Ruth Ellis inhabited the seedier parts of London’s glamorous nightclubs. Supposedly groomed into the role of nightclub hostess by the Profumo-pimp Stephen Ward, Ellis climbed the ranks to become a celebrated nightclub manageress in her own right.
And it is in the realms of 1950s gentleman clubs that Amanda Whittington has chosen to set The Thrill of Love, rather than in the bedrooms of bad sex and violence that many people associate with Ruth Ellis.
Transferring from the New Vic Theatre, Newcastle, this extremely well-oiled 90 minute production tries to uncover the psychology of the woman who seemed to accept her fate of victim, and then criminal, without outcry. Instead of abuse, we are shown the tight-knitted female relationships of Ellis and her nightclub friends, Sylvia and Vickie.
With moments of pleasing girly humour, we are given an insight into the general treatment of women in this particular sphere and time. Overall, it gives the sense that Ellis had a lot in common with her work colleagues: as a poorly educated women she wanted the chance of achieving fame and riches.

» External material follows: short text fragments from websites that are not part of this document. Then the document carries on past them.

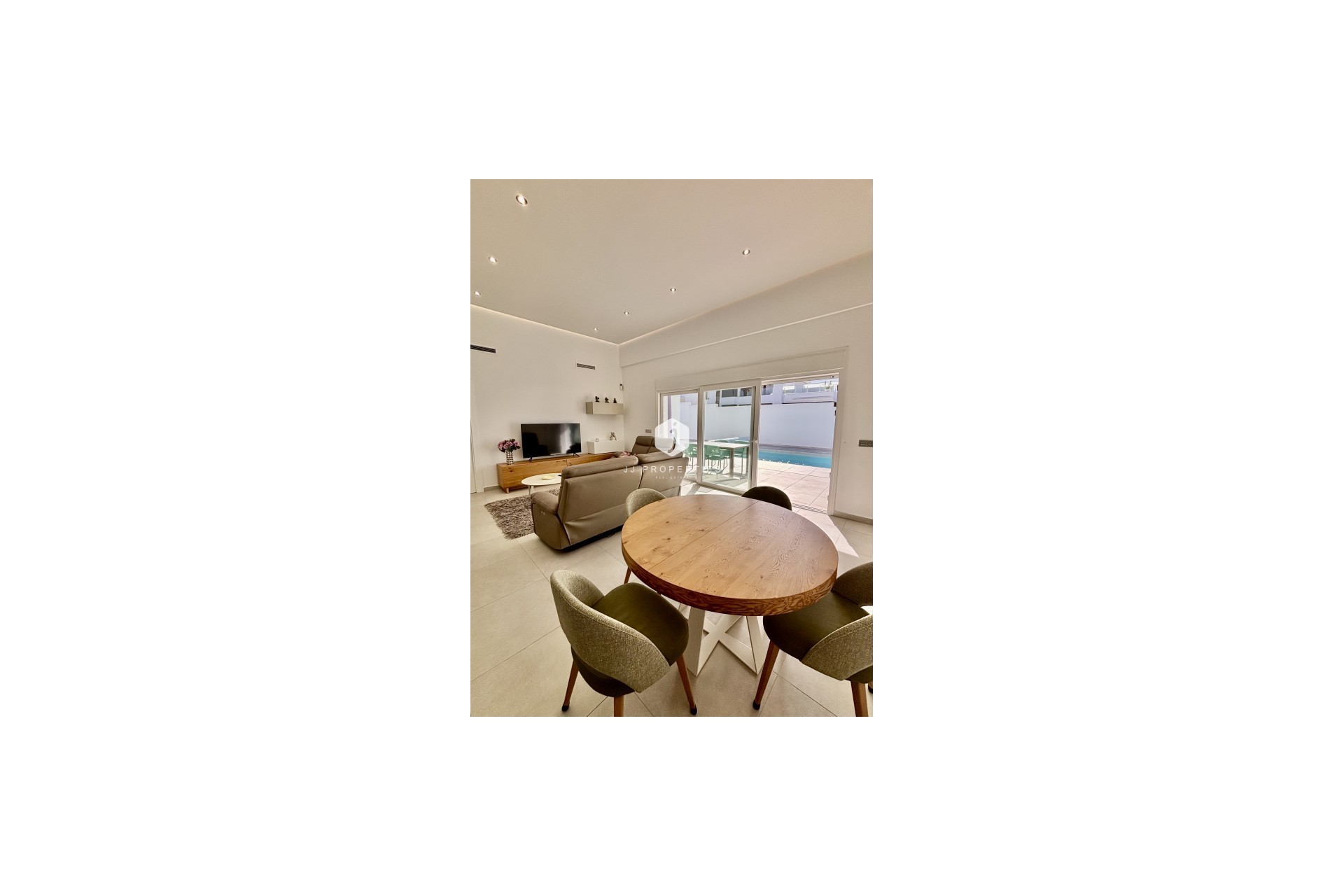 Aus zweiter Hand - Villa -
Benijofar - Costa Blanca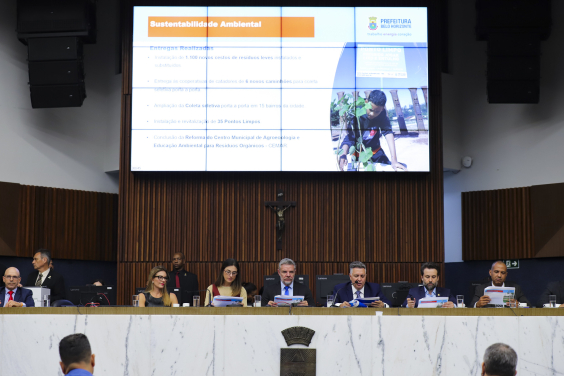 Parlamentares e prefeito no Plenário Amintas de Barros
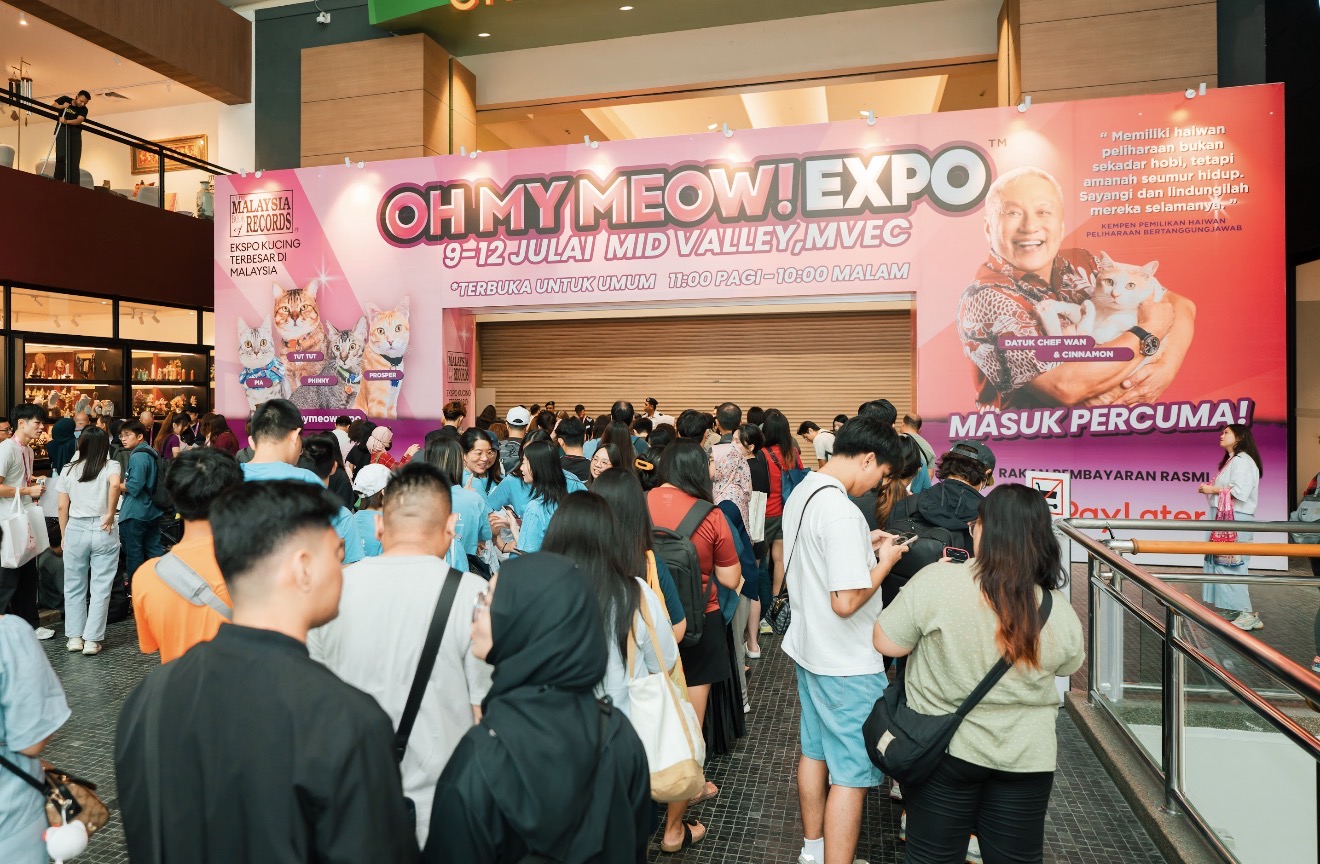 Ilustrasi ohmymeow expo 2026 untuk artikel OHMYMEOW EXPO 2026 Himpun 250 Pempamer, Unjuk JAECOO J5 EV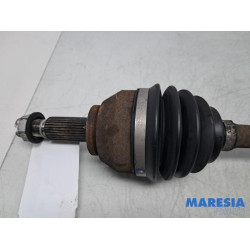 Renault - Trafic - Antriebswelle rechts vorne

What set Ellis apart was her determination to see through her relationship with the abusive David Blakely, the man she is eventually driven to kill. The rigour of Ellis’ spirit- a combination of self-effacement and show-girl flamboyance is well portrayed by Kate Castelow whose performance more than effectively conveys the off-stage violence.
The play’s emotional centre is in the touching scenes when a broken Ellis is scooped up and cared for by her loyal char, Doris, who is sensitively played by Katie West. However, with Ellis’ final destination already known, the play fails to strike new ground; Ellis may be presented as a convincingly complex character but remains, essentially, a mysterious figure.